Dataset excerpts:

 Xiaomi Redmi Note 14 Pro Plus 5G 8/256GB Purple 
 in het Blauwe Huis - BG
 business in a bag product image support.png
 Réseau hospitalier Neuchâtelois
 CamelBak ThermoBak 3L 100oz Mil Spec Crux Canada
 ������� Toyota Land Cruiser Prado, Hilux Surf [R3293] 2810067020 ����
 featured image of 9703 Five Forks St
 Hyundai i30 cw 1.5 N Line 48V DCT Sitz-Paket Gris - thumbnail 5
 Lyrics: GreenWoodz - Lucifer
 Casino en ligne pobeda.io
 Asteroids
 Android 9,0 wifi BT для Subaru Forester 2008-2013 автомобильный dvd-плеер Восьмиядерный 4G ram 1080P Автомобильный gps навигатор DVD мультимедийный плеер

> **Work instruction**: Here the job is to restate all of the data word for word.

> **Response to the task**:
 Xiaomi Redmi Note 14 Pro Plus 5G 8/256GB Purple 
 in het Blauwe Huis - BG
 business in a bag product image support.png
 Réseau hospitalier Neuchâtelois
 CamelBak ThermoBak 3L 100oz Mil Spec Crux Canada
 ������� Toyota Land Cruiser Prado, Hilux Surf [R3293] 2810067020 ����
 featured image of 9703 Five Forks St
 Hyundai i30 cw 1.5 N Line 48V DCT Sitz-Paket Gris - thumbnail 5
 Lyrics: GreenWoodz - Lucifer
 Casino en ligne pobeda.io
 Asteroids
 Android 9,0 wifi BT для Subaru Forester 2008-2013 автомобильный dvd-плеер Восьмиядерный 4G ram 1080P Автомобильный gps навигатор DVD мультимедийный плеер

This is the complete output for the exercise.